The companies project $75 million to $110 million in annual cost savings will be achieved in three years' time. 

HSN and QVC carriage agreements with TV distributors have different structures, with HSN paying out at a higher rate as a percentage of revenue, analysts pointed out during a call discussing the deal. Liberty Interactive CEO Greg Maffei and the heads of HSNi and QVC said they would be working with distributors, after the transaction closes, to find the best deals for all parties, including on variables including channel positioning and HD versus SD carriage in addition to payouts. Maffei said the distribution contracts are for relatively long terms so that won't be an immediate issue over the next 12 months. "Our distributors should win when we're winning," QVC CEO Mike George said.

Related: Internet Can’t Kill the Retail Star

HSNi headquarters will remain in St. Petersburg, Fla., and will be overseen by George. The acquisition, which awaits regulatory approval, is expected to be completed by the fourth quarter. Approval of the Liberty Interactive stockholders is not required. 

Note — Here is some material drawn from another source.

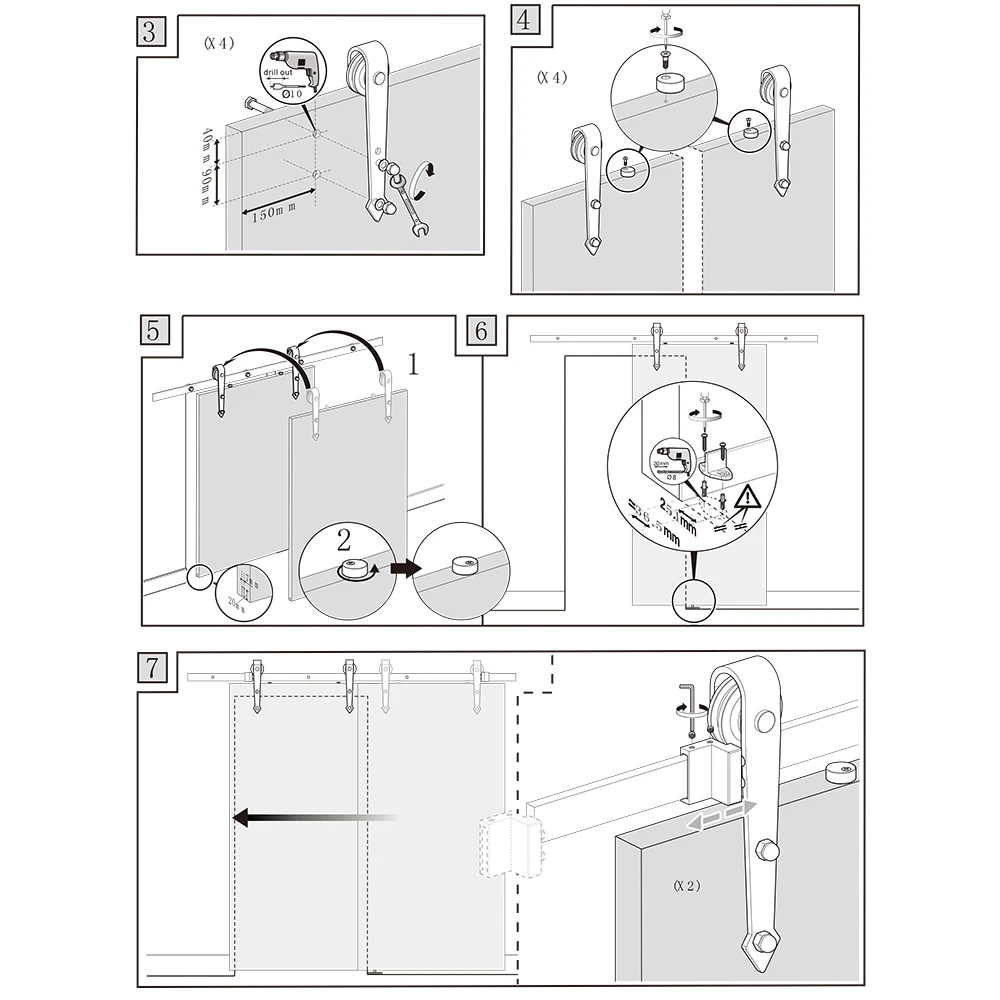 Комплект оборудования для раздвижной двери шкафа 6 футов | Обустройство дома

QVC has more than 17,000 employees and its ecommerce unit zulily has more than 3,000, while HSN has 6,500 employees.  

As for why the deal is happening now, Maffei said on the call that the "timing was finally right.” HSN has been trading lower, including on a cash-flow multiple basis, making the deal more affordable to QVC, he said. Management changes at HSNi also played a role: former CEO Mindy Grossman left in May to become chief at Weight Watchers. A year ago, HSN traded in the $50 per share range on NASDAQ.

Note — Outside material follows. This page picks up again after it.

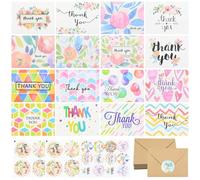 16Pack Flower Thank You Cards with Envelopes Blank Thank You Greeting Cards | Hseonmauyi Greeting Card for Writing and Artistic Creation, Kraft Colorful Thank You Greeting Card Set for Wedding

"The addition of HSN will enhance QVC's position as the leading global video eCommerce retailer. Every year they together produce over 55,000 hours of shoppable video content and have strong positions on multiple linear channels and OTT platforms," said Maffei in a release. "The value of the combined QVC, HSNi and zulily will be further highlighted when later this year QVC Group becomes an asset-backed stock as part of the previously announced split-off of Liberty Ventures."

Liberty Interactive executives said the acquisition of HSNi will increase the scale of the QVC Group and boost cross-marketing “to better engage existing and potential customers.” It also noted HSNi’s lower debt leverage.

“Joining the QVC Group will give us instant access to global consumer markets, a leadership team with deep expertise and a global perspective, and the opportunity to further strengthen our content-based brand portfolios in a changing retail landscape,” said Arthur C. Martinez, HSNi’s chairman of the board of directors, also in a release. “We have both been innovators in a growing and dynamic retail environment with a unique vision of what shopping should be, and as new technologies continue to change our everyday lives, together we can develop the next generation of shopping for the next generation of consumers.”

Cornerstone’s brands include Ballard Designs, Frontgate, Garnet Hill, Grandin Road and Improvements.

Upon closing, the Liberty Interactive board of directors will be expanded to include a director from the HSNi board, selected by Liberty Interactive.

The companies said Allen & Company is serving as financial advisor and Baker Botts LLP is serving as legal advisor to Liberty Interactive. Centerview Partners and Goldman Sachs Group are serving as financial advisors and Davis Polk & Wardwell LLP is serving as legal advisor to the Special Committee of the Board of Directors of HSNi.